Our main result in this paper reads as follows.

Theorem 2.5

Let \({\mathcal {A}}\) and \(\mathcal {B}\) be two von Neumann algebras, one of which has no central abelian projections. Suppose that a bijective map \(\Phi : {\mathcal {A}}\rightarrow \mathcal {B}\) satisfies \(\Phi (A\bullet B\bullet C)=\Phi (A)\bullet \Phi (B)\bullet \Phi (C)\) for all \(A, B,C\in {\mathcal {A}}\). Then the following statements hold:

  1. (1)

    \(\Phi (I)\) is a self-adjoint central element in \(\mathcal {B}\) with \(\Phi (I)^{2}=I.\)

  2. (2)

    Defining a map \(\phi : {\mathcal {A}}\rightarrow \mathcal {B}\) by \(\phi (A)=\Phi (I)\Phi (A)\) for all \(A\in {\mathcal {A}}\). Then there exsits a central projection \(E\in {\mathcal {A}}\) such that the restriction of \(\phi \) to \({\mathcal {A}}E\) is a linear \(*\)-isomorphism and the restriction of \(\phi \) to \({\mathcal {A}}(I-E)\) is a conjugate linear \(*\)-isomorphism.

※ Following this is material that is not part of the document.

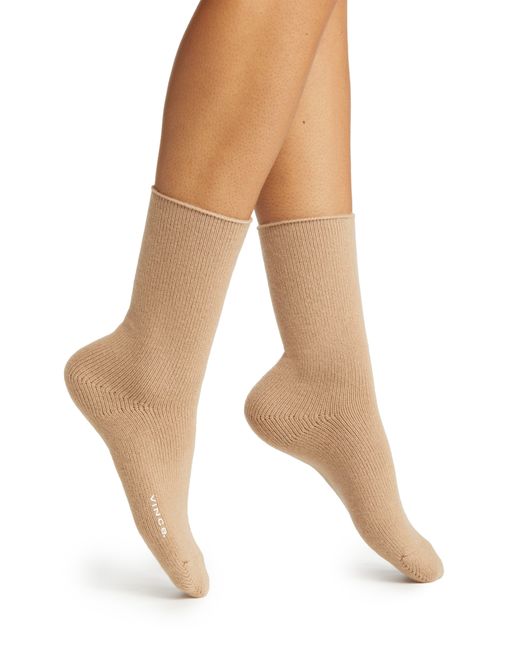 vince cashmere socks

The proof will be organized in some lemas. First note that \(\Phi \) is additive. Indeed, if \({\mathcal {A}}\) has no central abelian projections, Lemma 2.4 assures that \(\Phi \) is additive. If \(\mathcal {B}\) has no central abelian projections, observe that \(\Phi ^{-1}:\mathcal {B}\rightarrow {\mathcal {A}}\) is a bijection and preserves the Jordan triple 1-\(*\)-product. Applying Lemma 2.4 to \(\Phi ^{-1}\), we know that \(\Phi ^{-1}\) and hence \(\Phi \) is additive. In what follows, without loss of generality, we assume that \(\mathcal {B}\) has no central abelian projections.

Lemma 2.6

  1. (1)

    For each \(A\in {\mathcal {A}}\), \(A=-A^{*}\) if and only if \(\Phi (A)=-\Phi (A)^{*};\)

  2. (2)

    \(\Phi (\mathcal {Z}({\mathcal {A}}))=\mathcal {Z}(\mathcal {B});\)

  3. (3)

    \((\Phi (I)+\Phi (I)^{*})^{2}=4I.\)

Proof

Let \(A\in {\mathcal {A}}\) be arbitrary. Since \(\Phi \) is surjective, there exists \(B\in {\mathcal {A}}\) such that \(\Phi (B)=I.\) Then

$$\begin{aligned} 0&=\Phi (iI\bullet A\bullet B)\\&=\Phi (iI)\bullet \Phi (A)\bullet I\\&=\Phi (iI)\Phi (A)+\Phi (A)\Phi (iI)^{*}+\Phi (A)^{*}\Phi (iI)^{*}+\Phi (iI)\Phi (A)^{*} \end{aligned}$$

holds true for all \(A\in {\mathcal {A}}.\) That is,

$$\begin{aligned} \Phi (iI)(\Phi (A)+\Phi (A)^{*})+(\Phi (A)+\Phi (A)^{*})\Phi (iI)^{*}=0 \end{aligned}$$

holds true for all \(A\in {\mathcal {A}}.\) So \(\Phi (iI)B+B\Phi (iI)^{*}=0\) holds true for all \(B=B^{*}\in \mathcal {B}.\) Since for every \(B\in \mathcal {B},\) \(B=B_{1}+iB_{2}\) with \(B_{1}=\frac{B+B^{*}}{2}\) and \(B_{2}=\frac{B-B^{*}}{2i}\), it follows that \(\Phi (iI)B+B\Phi (iI)^{*}=0\) holds true for all \(B\in \mathcal {B}.\) It follows from Lemma 2.3 that \( \Phi (iI)=-\Phi (iI)^{*}\in \mathcal {Z}(\mathcal {B}).\) Similarly, \(\Phi ^{-1}(iI)\in \mathcal {Z}({\mathcal {A}})\).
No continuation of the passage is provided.